Il giorno di piazza Fontana finì la mia fanciullezza

12 dicembre 1969. Alle ore 16.37 una bomba scoppiata alla Banca Nazionale dell’Agricoltura in piazza Fontana a Milano causò 17 morti ed 88 feriti.

 

La storia l’ha catalogato come il primo atto di una ‘strategia della tensione’ che insanguinò l’Italia e diede il via ad una scia di sangue che si protrasse per tutti gli anni Settanta e parte degli anni Ottanta, ponendo fine al sogno italiano, quasi una cesura con gli anni Sessanta del ‘boom economico’. Il 12 settembre del 1969 anche a chi scrive rimarrà impresso nella memoria per tutta la vita e fu il giorno che, suo malgrado, finì la fanciullezza e capì come vita fosse una corsa ad ostacoli e non un cammino lastricato di fiori.

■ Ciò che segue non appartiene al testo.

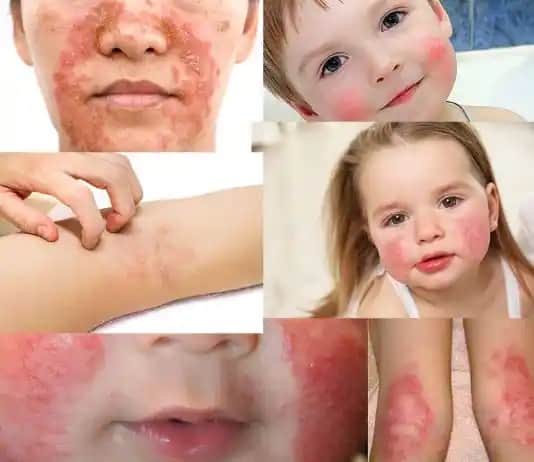 Atopik Dermatitte Doğru Cilt Bakımı ve Kozmetik Ürün Seçimi Rehberi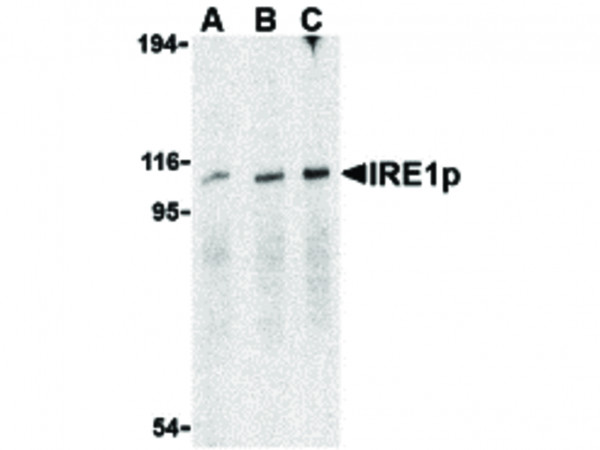 Anti-IRE1p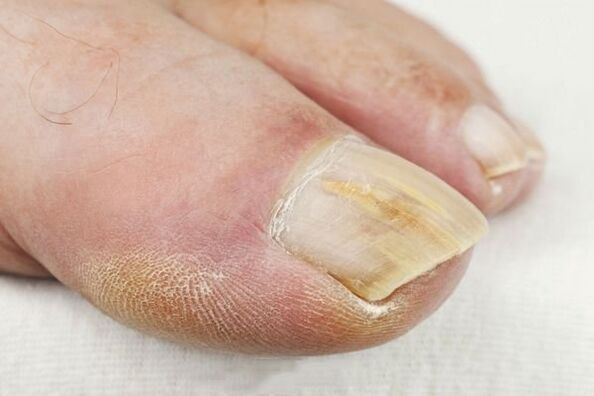 Results of cousing lesions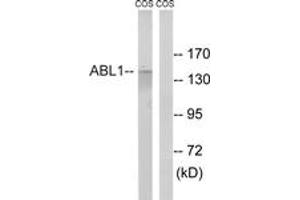 Western blot analysis of extracts from COS7 cells, treated with calyculinA 50ng/ml 30', using ABL1 (Ab-735) Antibody. (ABL1 Antikörper  (AA 701-750))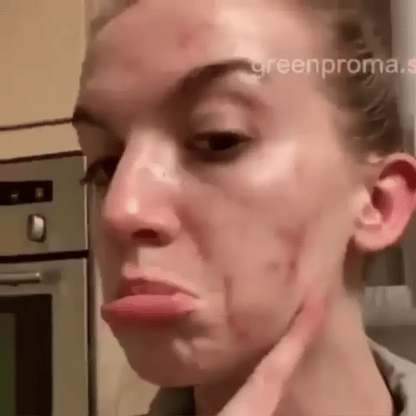 Spray Para Cicatrices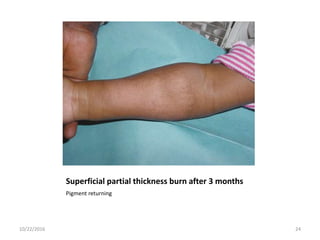 Superficial partial thickness burn after 3 months
Pigment returning
10/22/2016 24
 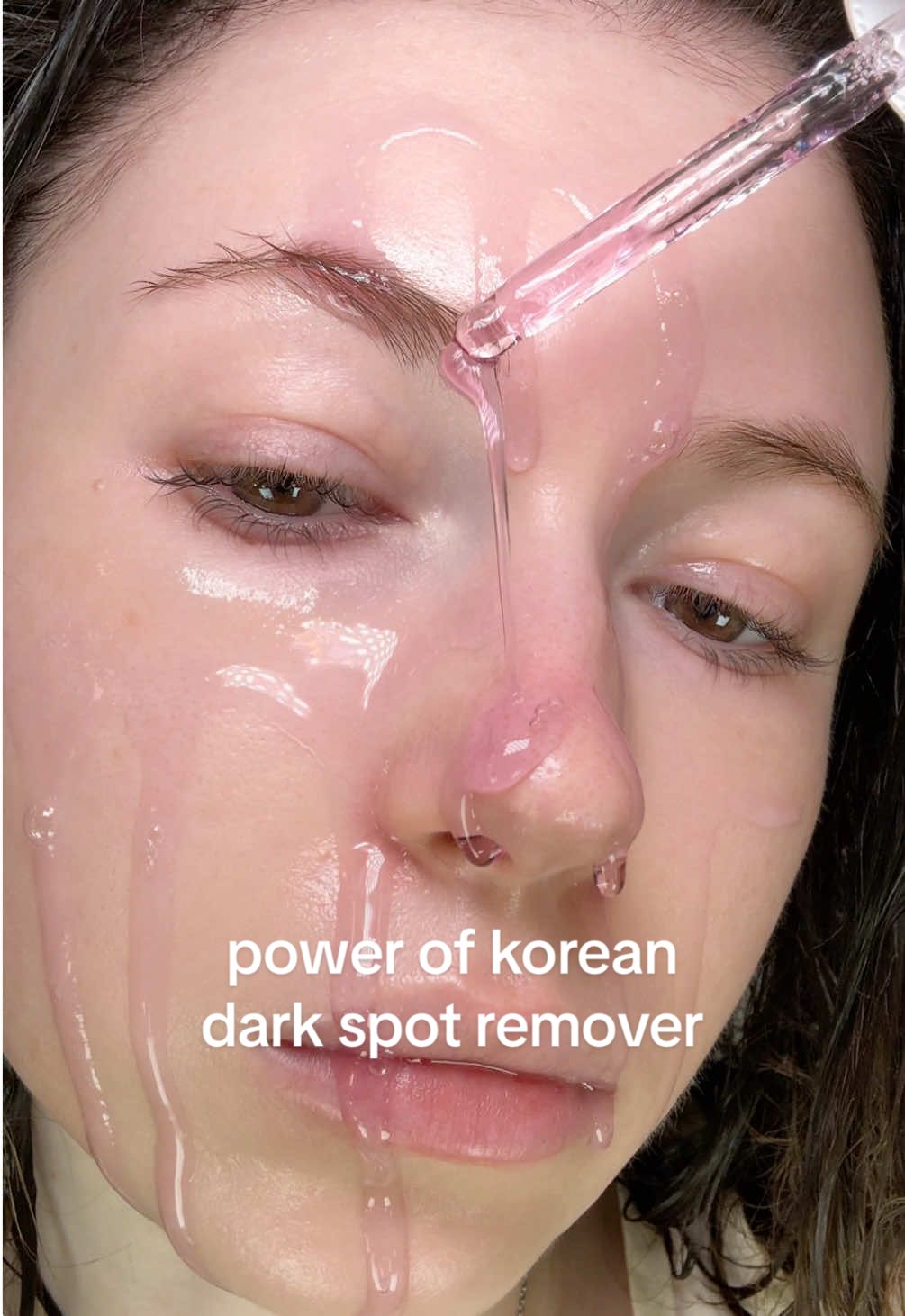 Removing dark spots with Jumiso dark spot remover serum 💜 #JUMISO #Niacinamide #DarkSpotRemover #hyperpigmentation #SkinTransformation @Jumiso Official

Alle 14, circa, mia mamma Lucia, terminò il suo cammino terreno, consumata da un cancro al seno, da due mastectomie e dalla cobaltoterapia. Avrebbe compiuto 36 anni il giorno dopo, Santa Lucia. A 50 anni di distanza quella maledetta giornata la ricordo minuto per minuto come fosse un film (ma purtroppo era tutto, drammaticamente, vero) e i ricordi si intrecciano con quelli di quanto era avvenuto a Milano.

 

Al mattino, a scuola, avevo scritto in un tema che speravo che la mamma guarisse, poi a pranzo dai nonni, anche per evitare che fossi lì quando l’inevitabile sarebbe accaduto (mio fratello Fabrizio era da amici di famiglia), i titoli di Tuttosport, la vittoria della promessa dello sci Gustavo Thoeni in Val d’Isere. Poi la telefonata di mio padre Marco, la faccia sconvolta della nonna Rosa, la mia domanda ‘La mamma è morta’ rimasta senza risposta in un silenzio eloquente, la corsa da via Savio a Via Morini e …. L’entrata nell’età adulta senza volerlo e senza saperlo. Ma anche il pomeriggio con Davide, un amico che se n’è andato anche lui troppo presto (ma con lui e la sua famiglia c’è un ricordo che nessuno potrà mai sciogliere, mai, mai, mai), la notizia che era successo qualcosa a Milano. E alla sera, tornando dai nonni in via Savio, la notizia che Carosello, un rito per i bambini di allora, non c’era, per “rispetto delle vittime di piazza Fontana”, come disse l’annunciatrice dopo il telegiornale.

 

Questo è quello che ricordo di quel giorno. Ma piazza Fontana tornò nella mia vita, qualche anno dopo. Francesco, il padre di Marisa, mia seconda mamma mia e di mio fratello, (una donna stupenda che lasciò Milano e un lavoro di segretaria alla Locatelli per venire a Casale e crescere due figli che non erano nati da Lei e fu per noi una Mamma in tutto e per tutto), era di Milano. E negli anni Sessanta aveva l’ufficio in via Larga ed il conto proprio alla Banca Nazionale dell’Agricoltura di piazza Fontana. Parlando ad un Massimo ormai diventato ragazzo, mi disse che il venerdì, essendo giorno di mercato, ed essendoci la presenza di molti agricoltori venuti dalla provincia era d’uso fermarsi per chiudere magari delle contrattazioni e la banca rimaneva aperta oltre l’orario solito. Quindi chi aveva messo la bomba, a suo avviso, l’aveva fatto per fare il maggior danno possibile in termini di vite umane. E una volta che l’avevo accompagnato proprio nell’agenzia BNA di piazza Fontana mi presentò un cassiere che, dopo, mi disse, era stato ferito quel maledetto giorno. Ecco perché piazza Fontana e il 12 dicembre li porto sempre con me indissolubilmente.

 

Il giorno dopo per l’Italia venne portata ad una drammatica realtà, per me finirono i sogni di bambino e conobbi la dura realtà della vita. E sono ricordi che non dimenticherò mai. Ma che mi hanno fatto conoscere cosa vuol dire soffrire, cosa vuole dire reagire, cosa vuol dire costruire, cosa vuole dire avere attorno una famiglia meravigliosa e degli amici che ti stanno vicino nei momenti più bui. Perché, grazie a Dio, dopo l’ora più buia torna il sole.